Examples of Religious Objects Bearing No Relation to Succot:

the Shofar, apple and honey, menorah, dreidl, grogger, the "ears of Haman," the Seder plate, matsah, the Book of Ruth, etc.




The Ecological Succah:

Constructing and ecologically sound Succah is a question of using recyclable materials. It is forbidden to purchase anything besides tools. For this game, the group is divided into three teams:

  • One team builds the walls: They can be made of large cardboard cartons left by supermarkets, sheets of plastic, planks of wood found in lumberyards, poles that have fallen to the ground, etc.
  • The second team builds the roof: The roof can be made of dead branches found in the forest, iron wire retrieved from lumberyards, greenery gathered in at the end of the selling season, etc.
  • The third team concerns itself with the Succah decorations: Decorations can be made from colored paper (i.e., paper chains made into wreaths or long strings of garlands), from plastic bottles that can be painted and cut up, or from sheets of polystyrene, etc.




Garlands with a Theme:

This activity is appropriate for a community Succah.
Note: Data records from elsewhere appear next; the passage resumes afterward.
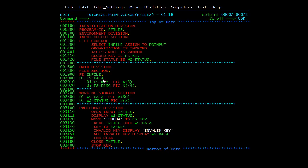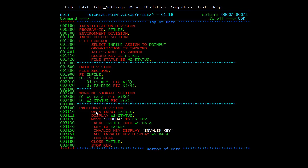We have file status defined as WS-STATUS, declared in working storage as WS-STATUS PIC 9(2). In the file section, we declare the FD entry as we have seen in COBOL. We have declared the file and its records. Six characters will be the key, which matches the KSDS we set up in previous videos where the key was six bytes. After that we have a description of the remaining fields, and you can have multiple keys as well.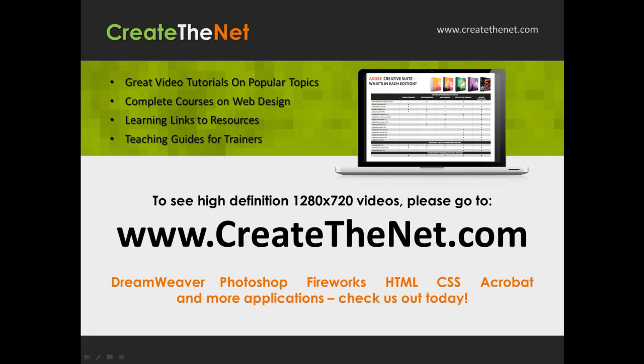Also, if you're interested in seeing the high definition 1280 by 720 videos, please go to createthenet.com. When we upload these videos to video sharing services, they always shrink the video size down and decrease the quality so they come out a little bit fuzzy. If you go to the website, you can see the full resolution versions of these videos.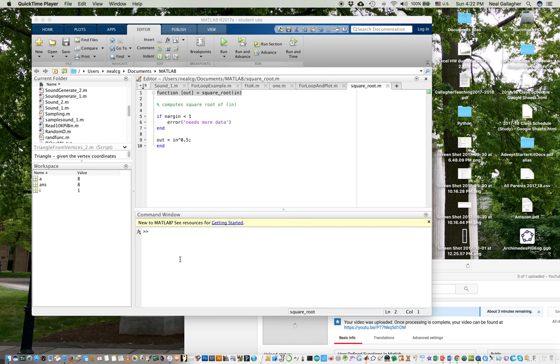Okay, last video I talked about how to set up an mFile function, a MATLAB function as an mFile. Now I want to show you why we might want to do that.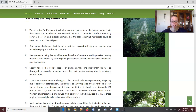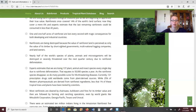Rainforests are being destroyed because the value of rainforest land is perceived as only the value of its timber by short-sighted governments, logging companies, and landowners. When we destroy the rainforest, we are only seeing short-term gains — getting all those trees helps logging companies financially — but we're not understanding the long-term effects of cutting all those trees down. Companies are making a lot of money but not thinking about the consequences later down the road.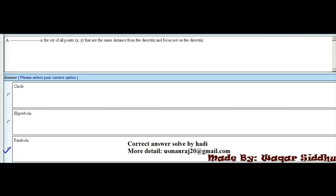MCQ 5 - A dash is the set of all points (x, y) that are the same distance from the directrix and focus, not on the directrix. First option is circle, second option is hyperbola, and third option is parabola. The right option is parabola.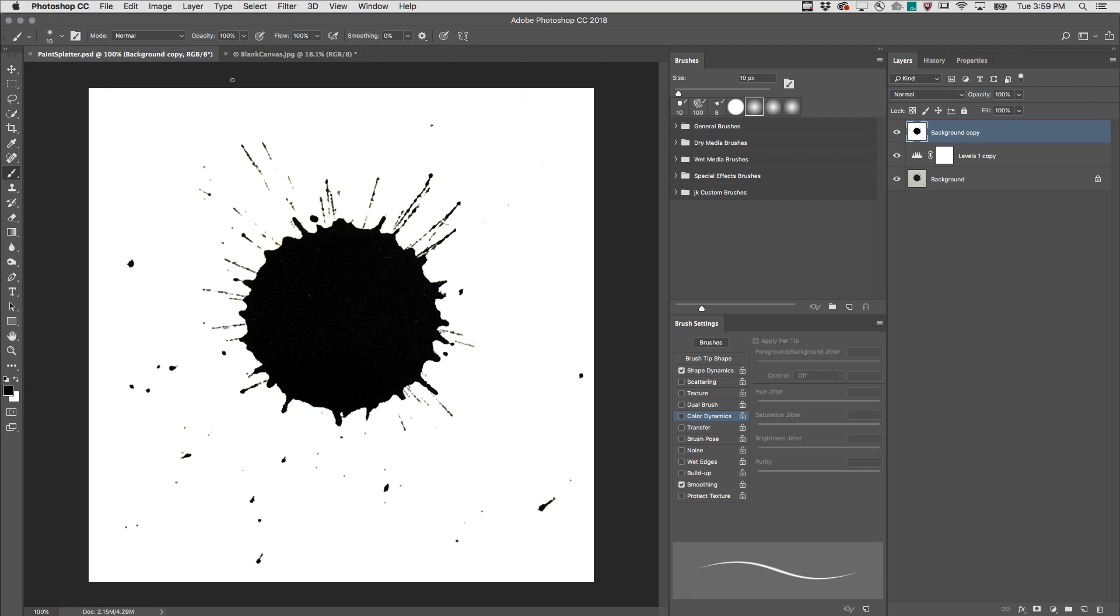Welcome to 321 Photoshop. I'm Julianne Kost. Here's the quickest way to create your own custom brush in Photoshop.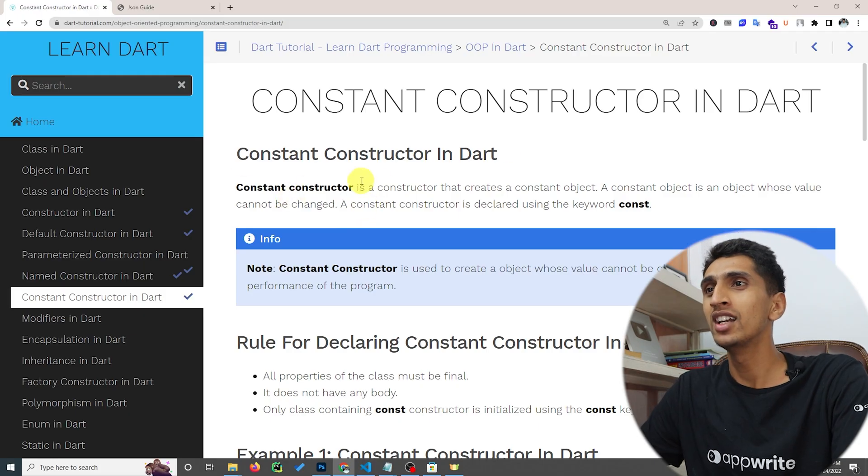Hello and welcome to this Dart tutorial. In this video you will learn about constant constructors in Dart. A constant constructor means you cannot change the value of that constructor after you initialize it. This makes your program very fast. If you don't want to change a value once declared, then you can just create a constant constructor, and this is very easy.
Again, the group is divided into teams, each of which makes a garland on a different theme, for example:
- peace
- friendship
- Judaism
- Israel
- autumn

The group should have many different building materials at its disposal: paper, cardboard, Bristol board, crepe paper, iron wire, straws, balls made of paper, ping pong balls (that can be painted and decorated), etc.

When the garlands are finished, each team presents its own garland to the others, explaining to them its significance in terms of the holiday. All the garlands are then hung throughout the Succah.

Variation: Garlands may also be made from recycled materials as in the previous activity.

The Simhat Torah Flag:

Activity for children ages 8 to 12.

Each child makes his or her own personal Simchat Torah flag that expresses his own vision of Jewish identity. The activity takes place in two stages:

  • a) the "Magen David" or star of David (as a values clarification exercise)
  • b) the making of the flag itself.

A. The Magen David

This activity exemplifies well-known Jewish values. Each participant is given a piece of paper on which a Magen David is sketched in pencil. The group leader then instructs the participant to write his/her answers to the questions s/he is about to ask in the star's different triangles. In order to clarify the rules of the game, it is recommended the participant should number the triangles of the middle hexagon.

Questions:

  1. What is your first Jewish memory?
  2. What was the most important Jewish event for you this past year?
  3. Write the name of a famous Jew with whom you identify.
  4. What do you consider the most important event in Jewish history?
  5. What is your favorite Jewish holiday?
  6. What would you ultimately like to do for the Jewish people in the future?
  7. (central point) Write a blessing that you would like to give to your friends for the coming year.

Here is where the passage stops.